The Federation of State Medical Boards under president and CEO Humayun Chaudhry sent out a statement last week threatening doctors that they may lose their medical licenses if they spread “misinformation” about covid vaccines.
The Federation of State Medical Boards warned July 29 that physicians and other healthcare professionals could be at risk of losing their medical licenses if they spread COVID-19 vaccine misinformation on social media, online and in the media.
“Due to their specialized knowledge and training, licensed physicians possess a high degree of public trust and therefore have a powerful platform in society, whether they recognize it or not,” FSMB said. “They also have an ethical and professional responsibility to practice medicine in the best interests of their patients and must share information that is factual, scientifically grounded and consensus-driven for the betterment of public health.”
Note the key term — “consensus-driven.”
They’re ordering doctors not to step out of line and do research for themselves on how they can best help their patients but instead just blindly follow whatever the medical establishment tells them.
Remember when the consensus was to put everyone under medically-induced comas and on ventilators and it killed some 85 percent of patients who received the “treatment”?
That could still be the standard today if Chaudhry’s consensus-based rules were widely enforced.

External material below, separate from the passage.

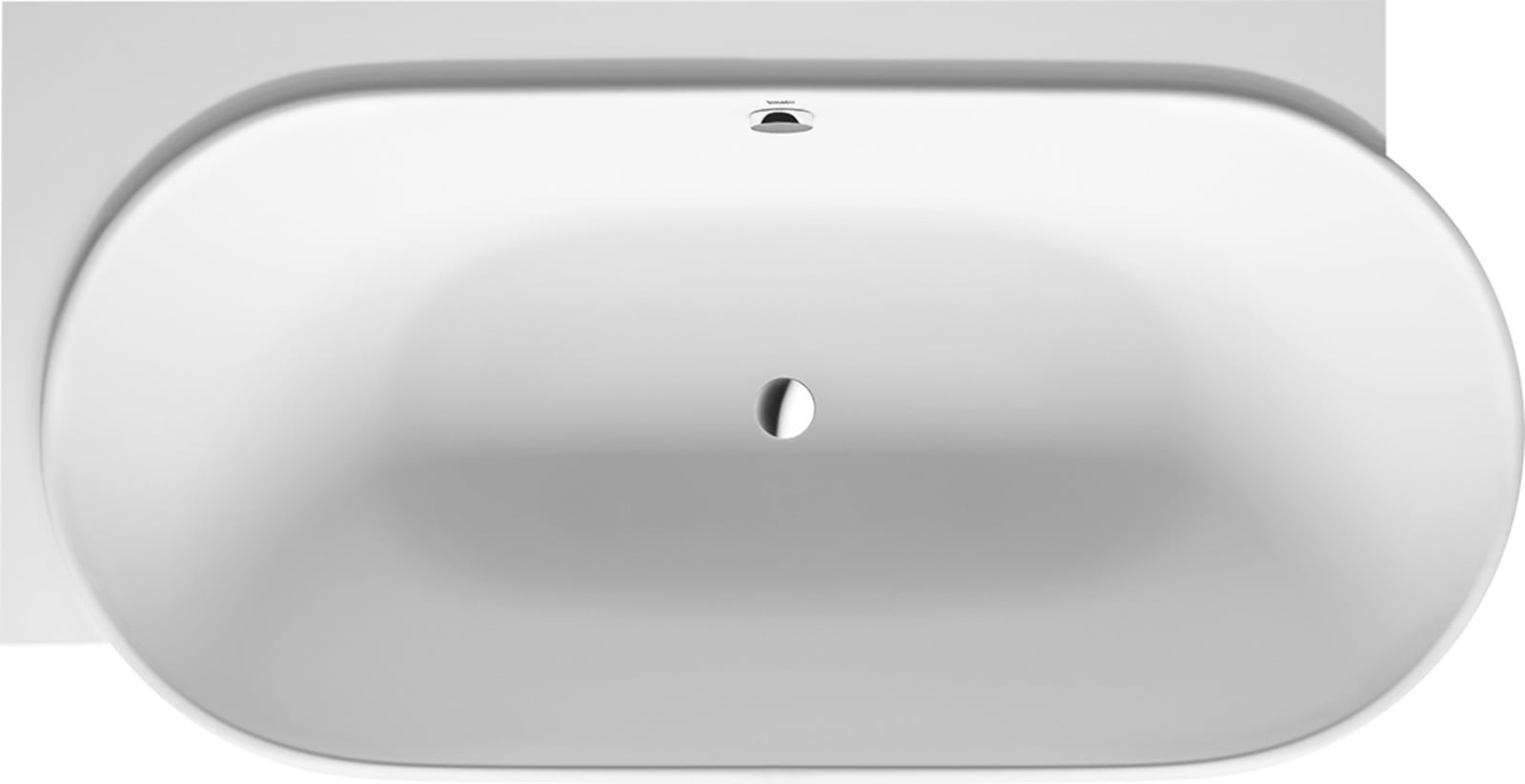 Duravit DuraSolid / Luv, Ligbad, hoek links, naadloze omanteling en frame, 1850 x 950mm, wit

FSMB has not yet formally defined “misinformation” or “disinformation” in its policy, but the organization’s ethics committee is studying the issues of physician misinformation and disinformation and plans to provide more guidance at a later date, an FSMB spokesperson said in an emailed statement to Becker’s.
“However, we currently view misinformation as sharing or distributing verifiably false information,” the spokesperson said. “We define disinformation as sharing or distributing information that the distributor knows is false.”
While FSMB has not formed a recommendation yet for the definitions of misinformation and disinformation, state and territorial medical boards may use various terms, such as “professional misconduct” or “ethics violation,” in their own procedures to address concerns surrounding misinformation and disinformation, FSMB said.
The statement went on to say that spreading “inaccurate” COVID-19 vaccine information “threatens to further erode public trust in the medical profession and puts all patients at risk.”
Is pulling doctors’ licenses for disagreeing with you really going to increase “public trust” in the medical profession?
MedPageToday has more:
The FSMB is aiming to remind physicians that words matter, that they have a platform, and that misinformation and disinformation — especially within the context of the pandemic — can cause harm, said president and CEO Humayun Chaudhry, DO. “I hope that physicians and other licensees get the message,” he added.
Vaccine resistance and hesitancy across the country have concerned the group, noted Chaudhry, as have reports of disinformation and misinformation being spread by physicians.
Because of the somewhat stagnant national vaccination rate and spreading Delta variant, Chaudhry is “really concerned” about more mutations and variants emerging, he said, “to the point where we may have a situation in hand where the vaccine isn’t even effective.” The U.S. is “not there now,” he added, but the vaccines are a key piece in preventing that.
“When the state boards get a complaint, they will investigate and if they determine there’s grounds for taking action, they will,” he said. Such actions could range from reprimanding physicians in a phone call, to license suspension or revocation.
According to the head of the CDC, the vaccines no longer prevent transmission of covid.
Doctors in Israel, one of the most vaccinated countries in the world, are reporting similar.
Many doctors are concerned the vaccines may be causing new variants and could lead to antibody-dependent enhancement.
Pulling doctors’ medical licenses for pointing this all out is not going to make these issues disappear.